You know that phrase: a sucker born every minute. Well, it fits me in one particular category: how-to books about writing.
One of the shelves in my library is stuffed with writing books in every permutation: how to write well; how to get an agent, how to write a book proposal, how to write narrative non-fiction, how to be a writer, how to sell your writing, how to ….. well you get the idea. At last count, I owned 38 books on writing-related subjects. Some are paperback, some are hardback, and if they average out to $15 a book, that’s a $570 investment. Plus, I’ve taken out dozens of others from the library.

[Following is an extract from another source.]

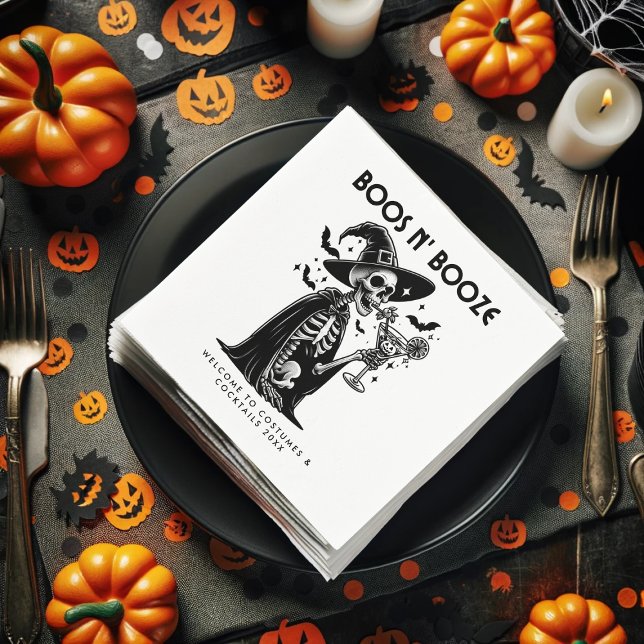 Black and White Skeleton Halloween Party Napkin (Black and White Skeleton Halloween Party Napkins)
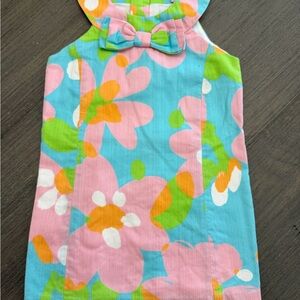 Little girl Lilly Pulitzer Pink and Blue Floral Kids Dress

What is it about these books? I’ve been writing professionally for more than 20 years so you would think I know what I’m doing. And I usually do. Sometimes, though, reading about writing inspires me, makes me reach higher, makes me push to be the best writer I can be.
Sometimes the books just satisfy my urge to shop.
At the Books by the Bay festival in San Francisco a few weeks, ago, I stopped by the Book Passage booth. The store was featuring writing books, so naturally I had to have one. I bought “The Making of a Bestseller: Success Stories from Authors and the Editors, Agents, and Booksellers Behind Them,” by Brian Hill and Dee Power.
Now, I am writing a book. I’d like it to be a bestseller. Who wouldn’t want their book to be a bestseller? But is that something that a writer can calculate? After wasting $20, I am certain the answer is no. I am not the only one:
Here’s one of the questions the authors pose to “A Very Nasty Agent.”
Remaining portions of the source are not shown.